Commentaire sur le livre 1 de la série
LE CYCLE DU CORBEAU

de MAGGIE STIEFVATER

*Il n’y a que deux raisons pour lesquelles un esprit peut t’apparaître, Blue. Tu dois être soit l’amour de sa vie, soit la cause de sa mort. *

Extrait : LE CYCLE DU CORBEAU, tome 1, LA PROPHÉTIE DE GLENDOWER, de Maggie Stiefvater, Pour les formats papier et numérique : Teen spirit éditeur. Nombre de page respectivement, 472 et 352 pages.

Chaque année, Blue Sargent accompagne sa mère clairvoyante observer les esprits des futurs morts. Des esprits que Blue ne peut voir… Du moins, elle ne le pouvait pas, jusqu’à ce qu’un jeune homme lui apparaisse et s’adresse directement à elle. Il s’appelle Gansey et Blue découvre vite qu’il est étudiant à Aglionby, l’école privée locale. Or, elle a pour principe de ne pas s’approcher des jeunes hommes de l’académie ; plus connus sous le nom de « Corbeaux » , ils ne causent que des ennuis. Pourtant, Blue est irrésistiblement attirée par Gansey.

Du plus loin que remontent ses souvenirs, Blue a toujours su qu’elle causerait la mort de l’amour de sa vie. Elle n’avait pourtant jamais cru que ce serait un problème. Maintenant que sa vie se retrouve intrinsèquement liée au monde sinistre des Corbeaux, elle n’en est plus aussi certaine.

 Le premier esprit de Blue

Dans cette histoire à caractère fantastique, on suit Blue Sargent, une adolescente issue d’une famille de clairvoyantes, qui ne possède aucun don… sauf celui d’amplifier les pouvoirs des autres. Chaque année, elle accompagne sa mère pour observer les esprits des futurs morts. Mais cette fois, elle voit un esprit elle-même — celui de Gansey, un étudiant d’Aglionby, l’école privée locale.

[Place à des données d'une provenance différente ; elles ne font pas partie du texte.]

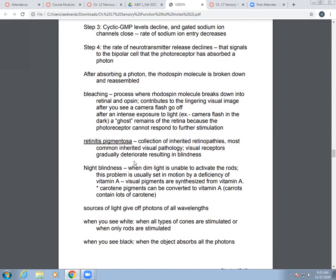A medical condition related to this is retinitis pigmentosa — a collection of inherited retinopathies. It's the most common inherited visual pathology, where visual receptors gradually deteriorate and result in blindness. There's also night blindness, where dim light is unable to activate the eyes to help discern light from dark — this usually happens because of a deficiency in vitamin A.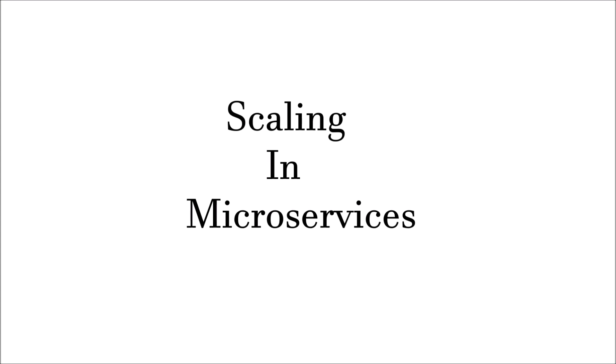In this video, we would be talking about scalability in microservices. So let's start.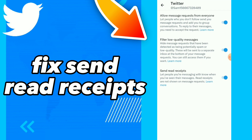The option is 'Send Read Receipts,' which lets people you are messaging with know when you have seen their message. Here you can fix this option easy and quick. Hope this video was helpful for you.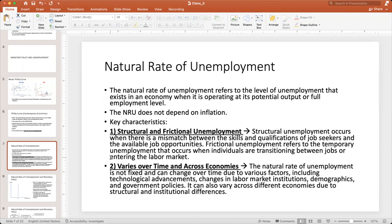The second characteristic is that the natural rate of unemployment varies over time and across economies — it is not fixed. It can change due to factors unrelated to inflation, such as technological advances, changes in labor market institutions, demographics, and government policies related to education and human capital development. The natural rate differs across countries due to structural and institutional differences.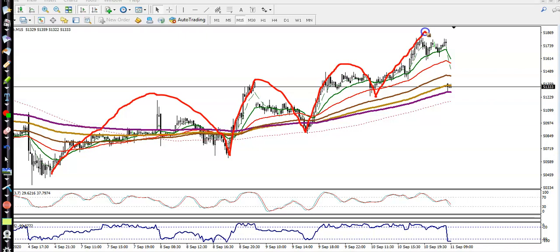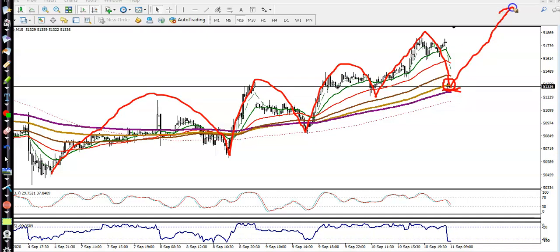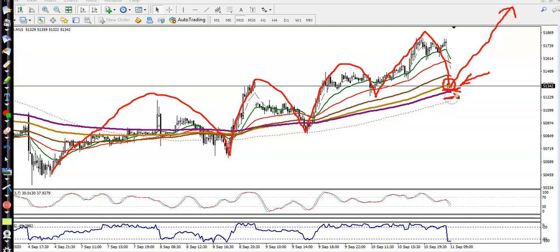Today you can see price just opened with a gap down and created a new higher low. In this area we have the 200 exponential moving average, and there is probability to create a new high. So if you want to place a buy order somewhere here, you can quickly place your entry using tiered money management.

Cela ne peut signifier que deux choses : soit il est l’amour de sa vie, soit elle causera sa mort.

Gansey, lui, est obsédé par la légende du roi gallois Glendower, qu’il croit endormi quelque part en Virginie, et dont il espère obtenir un vœu. Il est accompagné de ses trois amis : Adam, le boursier déterminé ; Ronan, le rebelle tourmenté ; et Noah, le discret observateur. Ensemble, ils se lancent dans une quête ésotérique où les lignes entre le réel et le magique deviennent floues.

Ce roman est apprécié pour son atmosphère envoûtante, ses personnages profonds et son écriture poétique. Mais j’ai trouvé cette quête surnaturelle un peu longue sans trop d’action. Malgré tout, elle pose les bases d’une série riche sinon en rebondissements, au moins en émotions car si LE CYCLE DU CORBEAU est sur fond de surnaturel, c’est d’abord une histoire d’amour.

Il n’y a pas vraiment d’action. Le rythme est lent. Quoique bien travaillés, les personnages manquent de direction et le fil conducteur est difficile à saisir. Il est vrai que je ne suis pas un inconditionnel de la littérature sentimentale, mais je dois admettre que l’écriture de Stiefvater est d’une extraordinaire beauté.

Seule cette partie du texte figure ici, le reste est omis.